Mehr als 200 Bücher hat der empathische Universalist Trumler bisher publiziert.

Foto: Gregor Auenhammer

Das entschieden Charakteristische dieser Welt ist ihre Vergänglichkeit", konstatierte Franz Kafka. Insofern könnte man des Fotografen Gerhard Trumler OEuvre als kafkaesk beschreiben. Denn exakt mit diesem Charakteristischen beschäftigt sich Trumler zeit seines Lebens. Mit der Vergänglichkeit des Lebens, mit der Vergänglichkeit per se, mit der Vergänglichkeit der Dinge des Alltags im Speziellen – aber nicht in Form larmoyanten Verklärens, sondern in kunstvoller Art sanften Bewahrens. Nicht im Sinne der Erinnerung melancholisch-nostalgischen Charakters, sondern im Sinne des kollektiven GedächtnisVerwahrens, des Erhaltens für die, die nach uns sind.

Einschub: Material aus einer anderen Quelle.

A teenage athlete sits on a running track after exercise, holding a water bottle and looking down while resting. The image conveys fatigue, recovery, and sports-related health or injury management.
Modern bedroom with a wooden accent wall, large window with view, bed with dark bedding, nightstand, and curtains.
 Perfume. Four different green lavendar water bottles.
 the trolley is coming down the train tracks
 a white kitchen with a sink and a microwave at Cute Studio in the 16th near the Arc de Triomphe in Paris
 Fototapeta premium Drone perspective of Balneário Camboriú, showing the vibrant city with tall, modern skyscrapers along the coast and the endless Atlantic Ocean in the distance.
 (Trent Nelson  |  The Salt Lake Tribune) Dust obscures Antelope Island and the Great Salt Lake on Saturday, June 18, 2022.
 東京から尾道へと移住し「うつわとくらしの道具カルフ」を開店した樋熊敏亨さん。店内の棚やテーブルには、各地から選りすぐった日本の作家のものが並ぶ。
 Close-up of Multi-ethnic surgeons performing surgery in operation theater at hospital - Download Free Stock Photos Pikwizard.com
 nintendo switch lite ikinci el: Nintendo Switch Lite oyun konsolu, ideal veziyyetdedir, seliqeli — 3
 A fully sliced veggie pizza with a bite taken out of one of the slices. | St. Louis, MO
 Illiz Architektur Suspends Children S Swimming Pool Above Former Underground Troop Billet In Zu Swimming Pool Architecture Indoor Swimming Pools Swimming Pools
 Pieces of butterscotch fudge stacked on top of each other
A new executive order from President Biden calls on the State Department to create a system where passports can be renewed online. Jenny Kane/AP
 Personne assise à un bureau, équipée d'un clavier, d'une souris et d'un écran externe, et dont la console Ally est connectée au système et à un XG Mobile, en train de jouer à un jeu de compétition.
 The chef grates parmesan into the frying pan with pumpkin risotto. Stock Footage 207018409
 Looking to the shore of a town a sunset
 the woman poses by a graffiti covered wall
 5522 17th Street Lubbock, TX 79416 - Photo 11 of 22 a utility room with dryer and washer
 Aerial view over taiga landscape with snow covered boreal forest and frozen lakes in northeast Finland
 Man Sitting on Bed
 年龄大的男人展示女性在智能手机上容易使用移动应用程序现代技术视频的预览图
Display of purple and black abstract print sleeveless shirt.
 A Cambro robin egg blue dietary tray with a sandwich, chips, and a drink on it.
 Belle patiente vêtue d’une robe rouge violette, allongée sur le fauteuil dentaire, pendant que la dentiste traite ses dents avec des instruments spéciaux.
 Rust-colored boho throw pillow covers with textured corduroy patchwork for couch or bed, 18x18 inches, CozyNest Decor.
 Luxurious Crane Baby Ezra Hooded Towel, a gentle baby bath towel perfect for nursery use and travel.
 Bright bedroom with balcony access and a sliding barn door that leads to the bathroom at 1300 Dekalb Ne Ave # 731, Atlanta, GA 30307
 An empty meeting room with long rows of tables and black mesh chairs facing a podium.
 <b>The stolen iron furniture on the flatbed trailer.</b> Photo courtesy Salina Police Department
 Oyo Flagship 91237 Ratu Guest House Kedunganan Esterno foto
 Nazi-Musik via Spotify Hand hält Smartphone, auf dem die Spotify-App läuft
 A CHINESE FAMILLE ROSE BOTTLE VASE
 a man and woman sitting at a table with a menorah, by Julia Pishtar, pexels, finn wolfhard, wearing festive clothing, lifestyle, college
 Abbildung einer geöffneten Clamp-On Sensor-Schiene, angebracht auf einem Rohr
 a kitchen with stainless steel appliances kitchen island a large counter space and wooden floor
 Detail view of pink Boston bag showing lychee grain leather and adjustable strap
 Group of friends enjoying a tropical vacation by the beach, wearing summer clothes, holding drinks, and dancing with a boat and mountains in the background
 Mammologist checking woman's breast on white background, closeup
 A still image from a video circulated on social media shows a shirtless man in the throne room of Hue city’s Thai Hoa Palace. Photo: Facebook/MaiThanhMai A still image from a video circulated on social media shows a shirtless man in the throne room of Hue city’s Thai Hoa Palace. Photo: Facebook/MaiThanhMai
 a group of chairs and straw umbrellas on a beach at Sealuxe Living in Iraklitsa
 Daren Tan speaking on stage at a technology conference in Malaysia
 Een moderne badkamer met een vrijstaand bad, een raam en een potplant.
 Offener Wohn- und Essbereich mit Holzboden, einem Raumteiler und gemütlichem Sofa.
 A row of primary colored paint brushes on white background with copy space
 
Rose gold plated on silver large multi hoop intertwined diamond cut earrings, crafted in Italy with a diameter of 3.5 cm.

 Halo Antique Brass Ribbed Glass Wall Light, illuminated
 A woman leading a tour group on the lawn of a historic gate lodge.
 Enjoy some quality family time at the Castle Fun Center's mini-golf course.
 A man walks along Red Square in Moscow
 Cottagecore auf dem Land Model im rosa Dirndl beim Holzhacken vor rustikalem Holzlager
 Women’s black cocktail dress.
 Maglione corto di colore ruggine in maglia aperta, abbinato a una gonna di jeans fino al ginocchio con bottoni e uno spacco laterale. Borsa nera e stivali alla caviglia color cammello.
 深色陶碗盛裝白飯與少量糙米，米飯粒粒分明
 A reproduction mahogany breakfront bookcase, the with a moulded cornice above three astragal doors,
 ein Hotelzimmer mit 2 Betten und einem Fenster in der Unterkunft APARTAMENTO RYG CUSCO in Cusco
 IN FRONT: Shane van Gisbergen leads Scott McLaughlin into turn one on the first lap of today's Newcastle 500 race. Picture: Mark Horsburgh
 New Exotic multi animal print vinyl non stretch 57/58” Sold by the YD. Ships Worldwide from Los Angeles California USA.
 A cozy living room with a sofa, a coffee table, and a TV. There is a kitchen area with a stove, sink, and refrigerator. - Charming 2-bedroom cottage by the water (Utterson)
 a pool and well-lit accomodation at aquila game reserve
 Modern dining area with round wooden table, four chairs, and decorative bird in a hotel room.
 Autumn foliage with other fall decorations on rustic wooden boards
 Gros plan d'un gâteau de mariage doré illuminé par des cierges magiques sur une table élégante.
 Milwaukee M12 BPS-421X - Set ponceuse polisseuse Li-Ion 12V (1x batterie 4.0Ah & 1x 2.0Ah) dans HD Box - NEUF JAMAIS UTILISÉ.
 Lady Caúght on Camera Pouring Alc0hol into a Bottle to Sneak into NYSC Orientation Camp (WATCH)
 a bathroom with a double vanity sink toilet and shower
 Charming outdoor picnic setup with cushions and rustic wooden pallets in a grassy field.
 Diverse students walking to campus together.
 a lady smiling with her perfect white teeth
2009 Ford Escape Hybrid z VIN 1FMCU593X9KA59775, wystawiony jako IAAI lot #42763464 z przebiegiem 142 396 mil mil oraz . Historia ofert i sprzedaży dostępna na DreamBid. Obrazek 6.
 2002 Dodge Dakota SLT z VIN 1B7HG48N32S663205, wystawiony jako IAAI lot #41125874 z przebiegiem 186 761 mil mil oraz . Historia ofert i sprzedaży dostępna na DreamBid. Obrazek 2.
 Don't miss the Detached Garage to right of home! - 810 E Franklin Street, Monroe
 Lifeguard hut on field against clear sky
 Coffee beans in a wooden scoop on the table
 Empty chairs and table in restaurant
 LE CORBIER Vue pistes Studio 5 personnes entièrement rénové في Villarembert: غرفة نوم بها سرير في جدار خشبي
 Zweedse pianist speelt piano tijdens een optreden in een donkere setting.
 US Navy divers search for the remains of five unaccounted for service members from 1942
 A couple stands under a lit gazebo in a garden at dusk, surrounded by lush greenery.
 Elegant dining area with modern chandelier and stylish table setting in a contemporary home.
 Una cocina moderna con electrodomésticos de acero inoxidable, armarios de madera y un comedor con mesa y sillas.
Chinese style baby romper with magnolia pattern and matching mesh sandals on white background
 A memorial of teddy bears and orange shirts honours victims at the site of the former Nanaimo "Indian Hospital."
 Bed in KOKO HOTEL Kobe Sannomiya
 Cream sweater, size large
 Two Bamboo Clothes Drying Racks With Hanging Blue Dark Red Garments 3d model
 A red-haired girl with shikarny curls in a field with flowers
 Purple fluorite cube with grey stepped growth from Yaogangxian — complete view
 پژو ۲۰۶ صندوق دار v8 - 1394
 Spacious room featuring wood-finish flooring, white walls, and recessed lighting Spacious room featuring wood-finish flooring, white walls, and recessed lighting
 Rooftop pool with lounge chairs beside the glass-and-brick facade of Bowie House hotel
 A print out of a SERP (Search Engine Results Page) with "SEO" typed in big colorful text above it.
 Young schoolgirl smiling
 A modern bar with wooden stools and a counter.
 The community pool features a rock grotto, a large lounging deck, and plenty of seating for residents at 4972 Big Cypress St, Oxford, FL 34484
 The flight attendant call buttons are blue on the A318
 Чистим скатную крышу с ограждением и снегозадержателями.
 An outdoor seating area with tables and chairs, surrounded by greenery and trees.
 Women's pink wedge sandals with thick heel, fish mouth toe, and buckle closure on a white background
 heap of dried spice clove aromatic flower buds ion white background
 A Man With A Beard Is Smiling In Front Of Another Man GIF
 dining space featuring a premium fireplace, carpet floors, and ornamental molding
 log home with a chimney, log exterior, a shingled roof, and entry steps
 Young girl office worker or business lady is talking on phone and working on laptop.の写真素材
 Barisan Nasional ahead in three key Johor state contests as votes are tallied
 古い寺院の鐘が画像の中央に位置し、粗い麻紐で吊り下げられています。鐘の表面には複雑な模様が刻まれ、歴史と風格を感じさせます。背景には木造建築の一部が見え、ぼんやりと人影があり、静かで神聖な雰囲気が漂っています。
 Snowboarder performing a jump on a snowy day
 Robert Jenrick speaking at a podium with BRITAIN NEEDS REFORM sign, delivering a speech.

Als sensibler Seismograf bewahrt der in Wien Geborene, abwechselnd im Waldviertel und in der Bundeshauptstadt Lebende Dinge und Stimmungen vor dem Übersehen und Vergehen. Als unermüdlicher Chronist des "Verloren-Gehenden", Bewahrer des "In-Vergessenheit-Geratenden", als Anwalt des zu Unrecht Missachteten, Unscheinbaren hat Trumler es sich zur Aufgabe gemacht, Erinnerungsarbeit zu leisten.

Bekannt geworden war Trumler einst als Chronist des politischen Österreich. Als Begleiter von Bundeskanzler Bruno Kreisky und Bundespräsident Rudolf Kirchschläger prägte er deren Bild in der Öffentlichkeit, zeigte sie in deren Licht und Schatten, nachdenklich, kämpferisch, direkt, hinter den Kulissen: vor allem aber immer ehrlich – und authentisch.

Visualisierte Zeitgeschichte

Das Verstellen, das Imaginieren, das Tarnen und Täuschen ist sein Handwerk nicht – auch nicht das Interpretieren und Provozieren. Überdimensionale Gurken, die man als großartiges Kunstwerk verkauft, sind ihm ebenso verhasst wie Retuschen an Originalszenen, an Menschen, Gesichtern oder Körpern. Auch Collagen sind das seine nicht. Serien hingegen willkommen. Serien, Sequenzen, die Geschichten erzählen – und Geschichte. Ein Chronist ist er, der Wahrheit verpflichtet. Ein Meister klassischer Fotografie, wider den Zeitgeist. Ein Großer seiner Zunft. Zweifelsfrei kein Einfacher, keiner, der sich anpasst, der geschmeidig ist und sich geschmeidig anbiedert.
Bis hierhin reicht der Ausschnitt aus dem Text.